*** Data listing ***

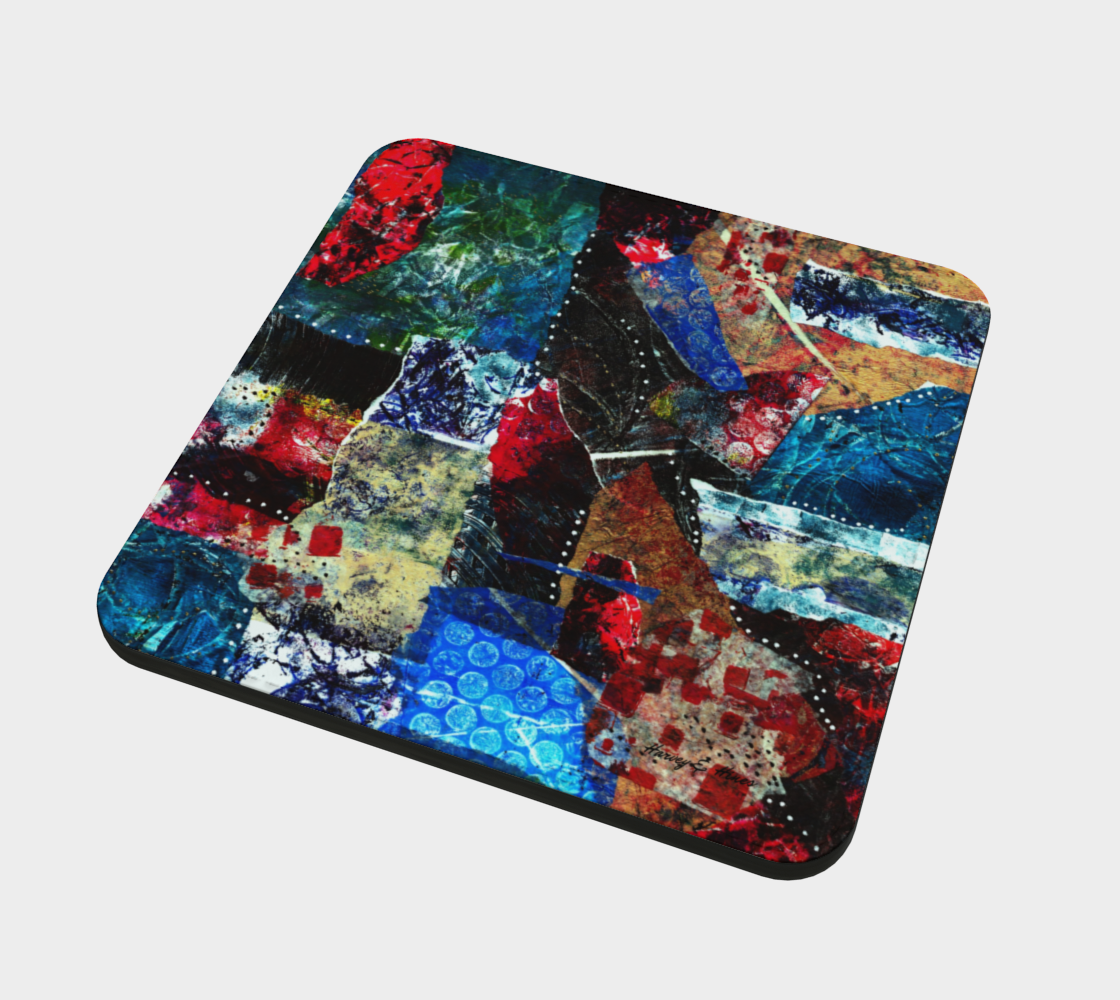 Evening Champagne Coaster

***
*** Data listing ***

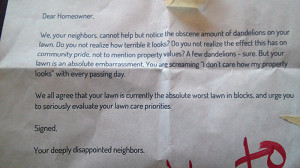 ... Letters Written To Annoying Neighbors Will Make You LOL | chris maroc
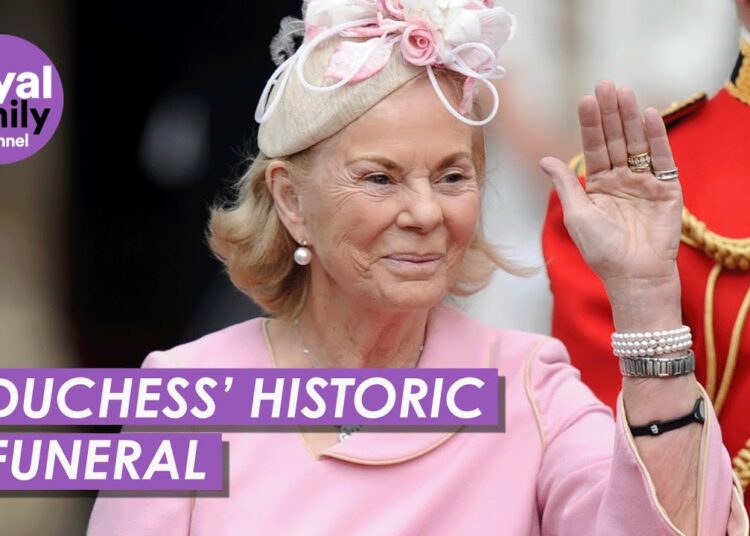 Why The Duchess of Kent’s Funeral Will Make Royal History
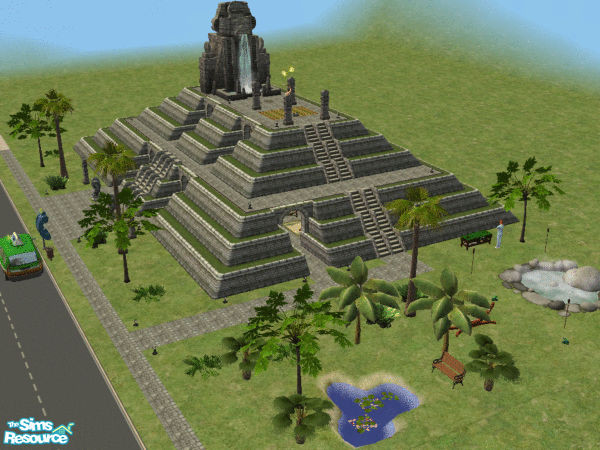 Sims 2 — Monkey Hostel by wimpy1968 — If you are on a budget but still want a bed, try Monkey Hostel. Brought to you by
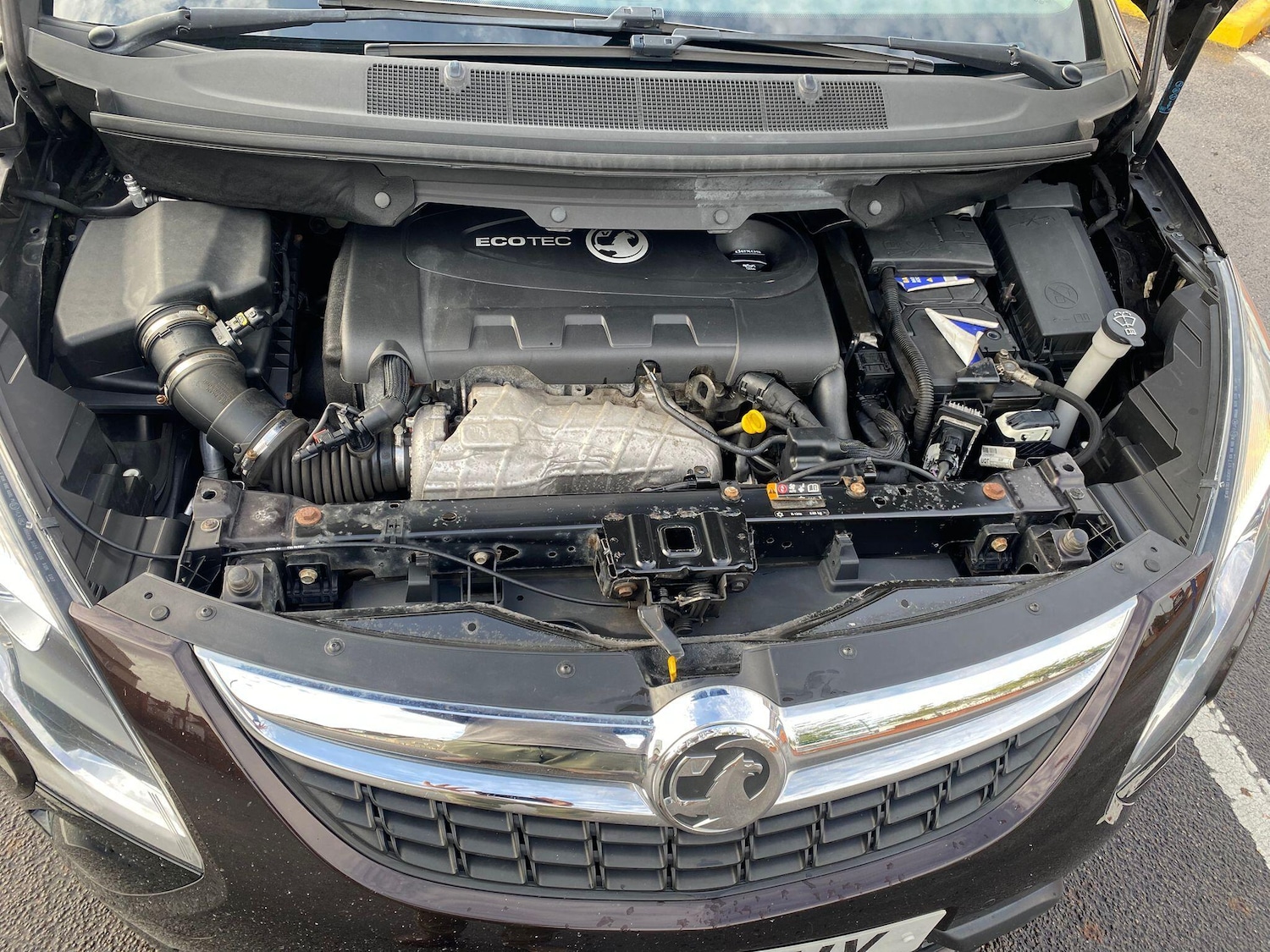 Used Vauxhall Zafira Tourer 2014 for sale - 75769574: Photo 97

***

Description of the task:
Everything from the line above that contains "LOL | chris maroc" down to the line that contains "Used Vauxhall Zafira" must be reproduced exactly, both ends included. Omit the pictures.

Task solution:
 ... Letters Written To Annoying Neighbors Will Make You LOL | chris maroc
 Why The Duchess of Kent’s Funeral Will Make Royal History
 Sims 2 — Monkey Hostel by wimpy1968 — If you are on a budget but still want a bed, try Monkey Hostel. Brought to you by
 Used Vauxhall Zafira Tourer 2014 for sale - 75769574: Photo 97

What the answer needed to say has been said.